**Assignment**
Output every line below as it stands, dropping only the images.

Collection entries

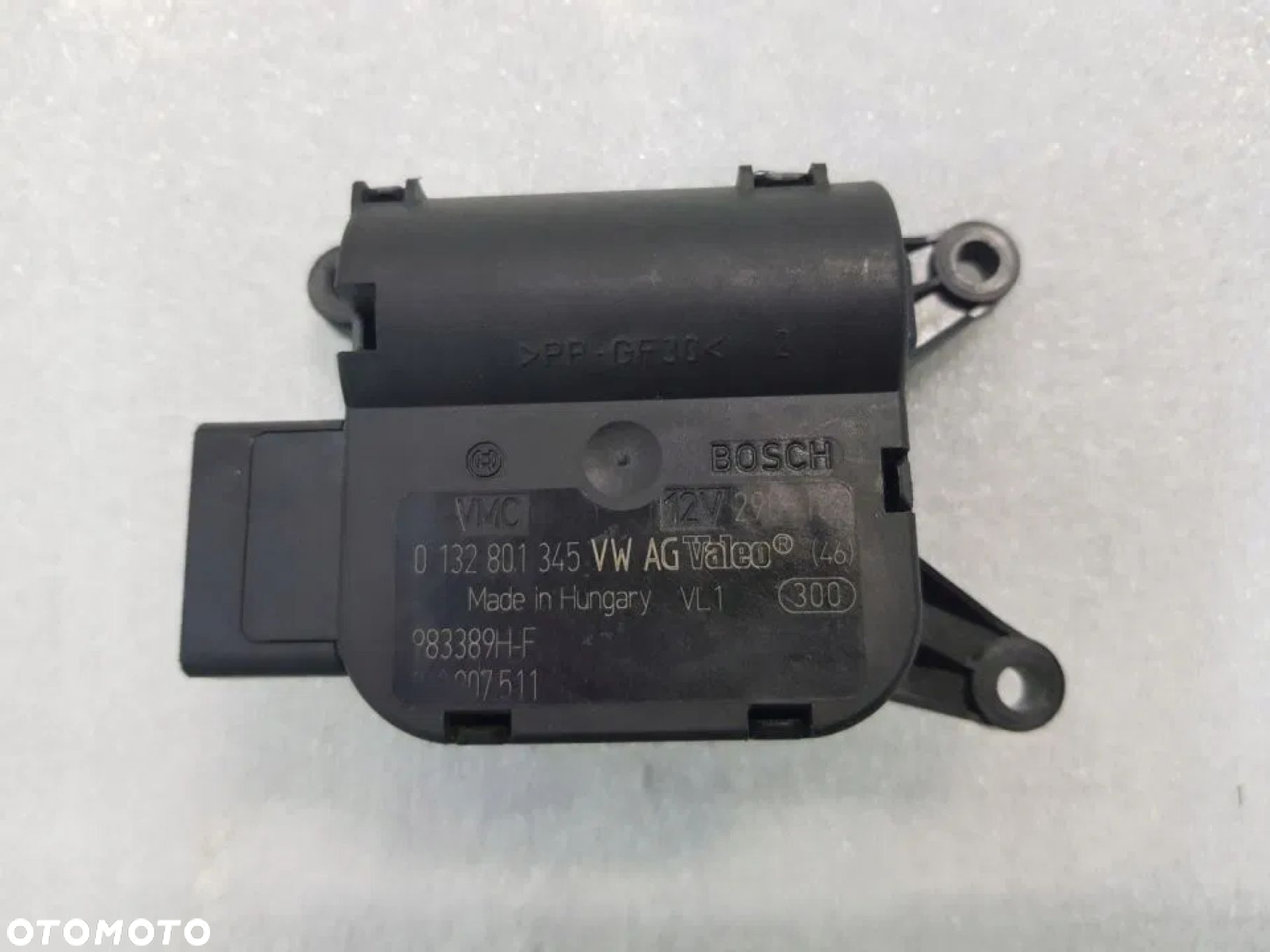SILNICZEK NAGRZEWNICY VW GOLF V JETTA 1K2907511C - 6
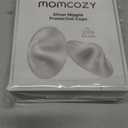 Momcozy 999 Silver Nursing Cups Original Perforated Breathable Design, 999 Silver Nipple Cover for Breastfeeding Essential,Nipple Shield for Nursing Newborn, Metal Nipple Shields, Regular, XL Size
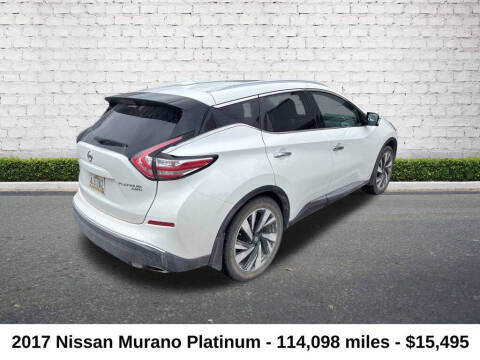 2017 Nissan Murano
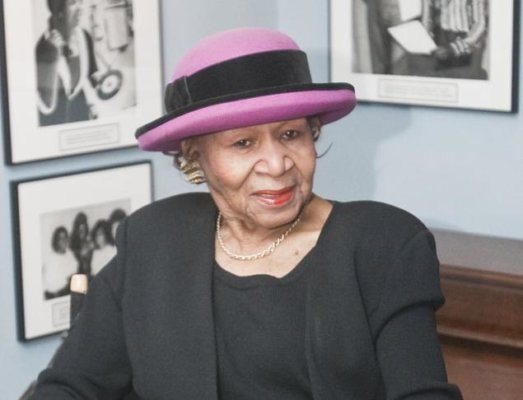 Motown Record’s Maxine Powell – Dead At The Age of 98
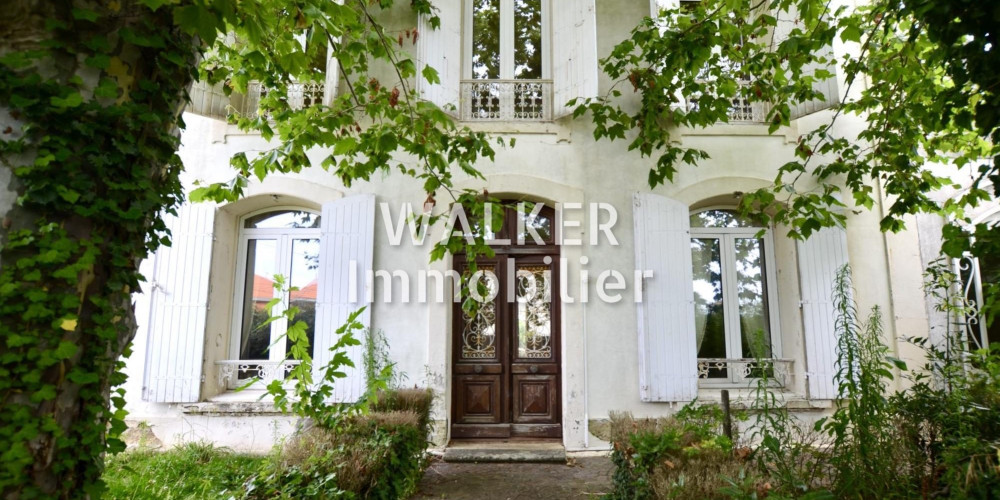 maison à ARCACHON (33120)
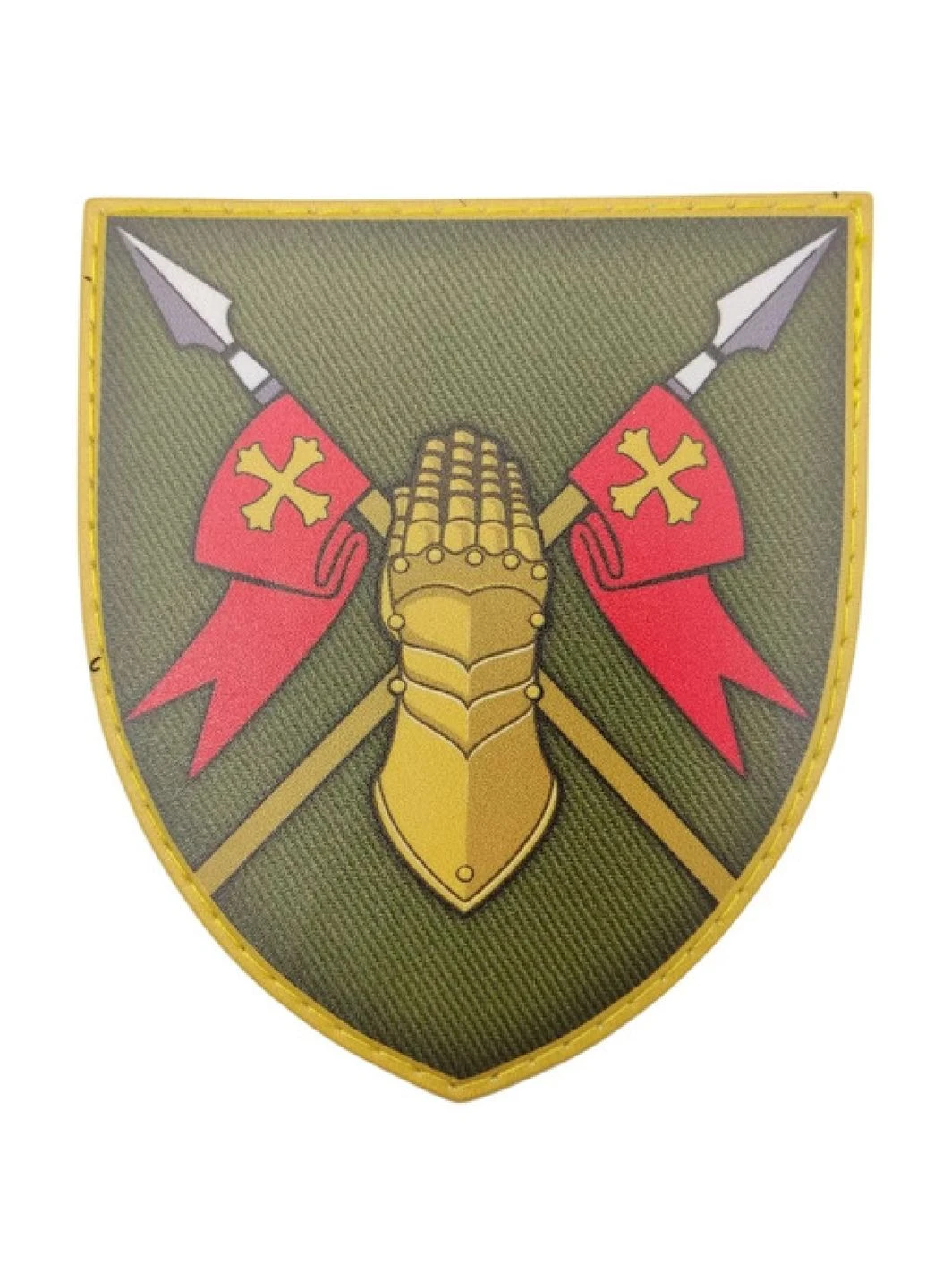 Шеврон ВСУ 5 ОТБр олива Dobroznak (392106966)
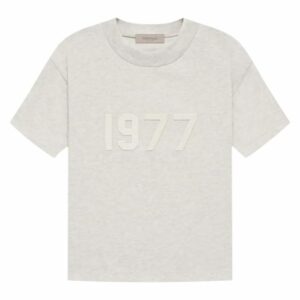 Essentials 1977 Shirt Light Gray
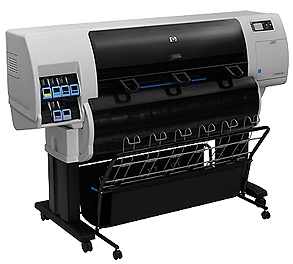 HP Designjet T7100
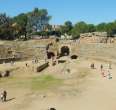 Amphitheater von Emerita Augusta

**Response to the exercise**
SILNICZEK NAGRZEWNICY VW GOLF V JETTA 1K2907511C - 6
 Momcozy 999 Silver Nursing Cups Original Perforated Breathable Design, 999 Silver Nipple Cover for Breastfeeding Essential,Nipple Shield for Nursing Newborn, Metal Nipple Shields, Regular, XL Size
 2017 Nissan Murano
 Motown Record’s Maxine Powell – Dead At The Age of 98
 maison à ARCACHON (33120)
 Шеврон ВСУ 5 ОТБр олива Dobroznak (392106966)
 Essentials 1977 Shirt Light Gray
 HP Designjet T7100
 Amphitheater von Emerita Augusta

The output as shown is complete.